Tuesday, April 29, 2008

Home!

Yes, I know I was crappy about blogging while we were in Israel. No excuses, especially since The Pedant bugged me about it daily. But - I will try to make up for it today with a post about dinner last night (and my lunch today).

So since we had a miserable connection in Madrid, our plan for food shopping went out the window since TP and I were so tired we couldn't do anything but unpack, post pictures, order pizza and watch some TV (note the connection: doing things in the house, mostly sitting; none of these occur in a supermarket). Sadly, that means our fridge is bare and although we have some non-perishables, the amount of good, healthy food we can eat is sadly not much. Yet, last night I was able to concoct a meal of no fresh produce!

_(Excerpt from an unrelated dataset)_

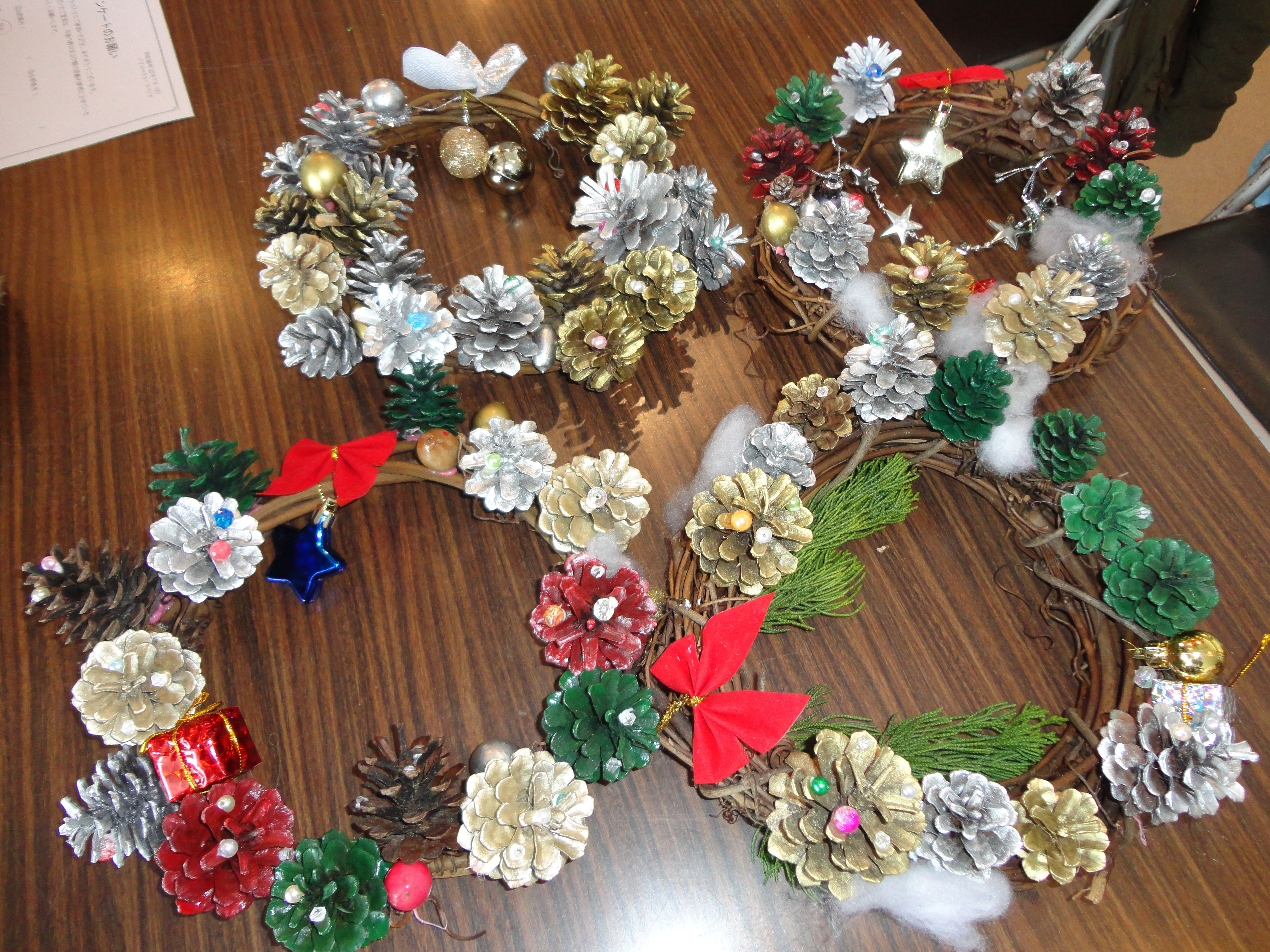 クリスマスリースづくり開催のお知らせ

Hooray! It was a "Japanese" Noodle Soup. (The quotations will not end up here, trust me, it was loosely Japanese.) Another reason for it: I developed a cold after 2 1/2 days of travel.

The ingredients:

Water
Parve Chicken Consume
A few squeezes of minced ginger in a tube
1 tablespoon soy sauce
Frozen veggies (spinach, "California medley")
A handful of dried shitake mushrooms
Soba noodles

I basically started cooking it before my exercise class and it came out surprisingly well. It tasted all home-y and delicious. Perfect to make me feel better.

Tomorrow's dinner (and, well, lunch) may be a problem. Also Thursday's...

Sunday, April 27, 2008

Food Photo Post - Israel!

Here are our Israel food pictures!


Here's what the appetizer course at Samir's looks like about 2/3 of the way through. If you come for dinner at Samir's, there's still more food. Lots of it. Notice the multiple kinds of hummus and the foul, which my mom makes a version of.

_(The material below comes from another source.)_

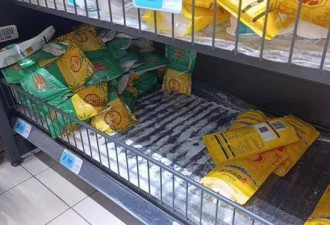 国内多地抢盐,有超市货架被搬空 官方和专家回应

This is what my meal at Burger Ranch looked like. Had I known that they also gave out packets of barbecue sauce and sweet and sour sauce upon request, I would totally have done so. Here they only gave me kosher for Passover ketchup and that most Israeli of condiments, thousand island dressing. No, really. They love that stuff on everything.

Food Photo Post - Canada!

Today, this blog is like all the other food blogs, because I managed to sync my digital camera with our iMac and now you can have pictures of food! Welcome to the twenty-first century of blogging!

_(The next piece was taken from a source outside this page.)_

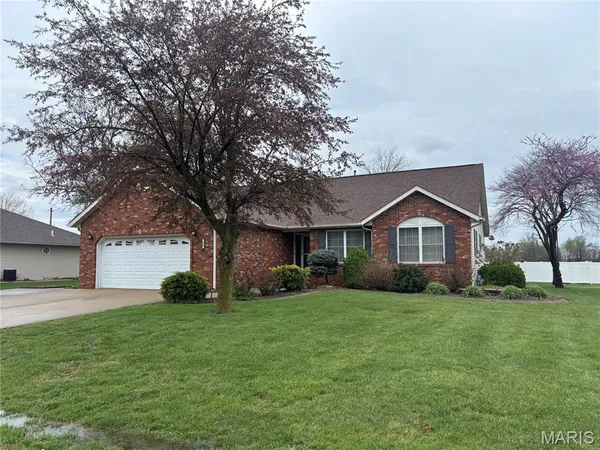 $329,900 | 499 West Redwood Street, Aviston, IL 62216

First, the Canada pictures that we promised something like four months ago.
Here is a toffee on snow thing that I didn't feel confident enough in my French to buy. It looked good, though.
Here's our first meal in Quebec City; Caesar salad, French onion soup, and poutine. Delicious, if heart-stopping.

I Would Love Madrid, But...

Spent a night in Madrid.

Didn't mean to, of course; wanted to be back in the US of A, where my witticisms are understood and not stared at with confusion by the locals. But something was not quite right with my Iberia flight from Madrid, so Iberia Lineas Aeras packed all of the travelers off to hotels for the night.

Good points: I got sleep, free food, Madrid stamp in my passport.

Bad points: too tired to see Madrid, even though everyone says it's open late (like Taco Bell and Wendy's!), my travel experience was never-ending, although not quite as bad as my forty-hour trip to Australia.

Read Kitchen Confidential by Anthony Bourdain on the way over to Israel, knew well enough not to order fish in a non-coastal city on a Sunday. The comped meal at the hotel included free bottles of mineral water and wine, which the Sherbs and I finished out of pique and principle.

Friday, April 25, 2008

Last Post From Israel

I am leaving for the airport at 3AM. I am not looking forward to driving the rental car back at that time; I suspect that there will be much fussing with the keypad as I am not Jason Statham at the best of times, sometimes turning the key after I hear two beeps just to hear the starter stutter because I must let the beeps ring out for their full length.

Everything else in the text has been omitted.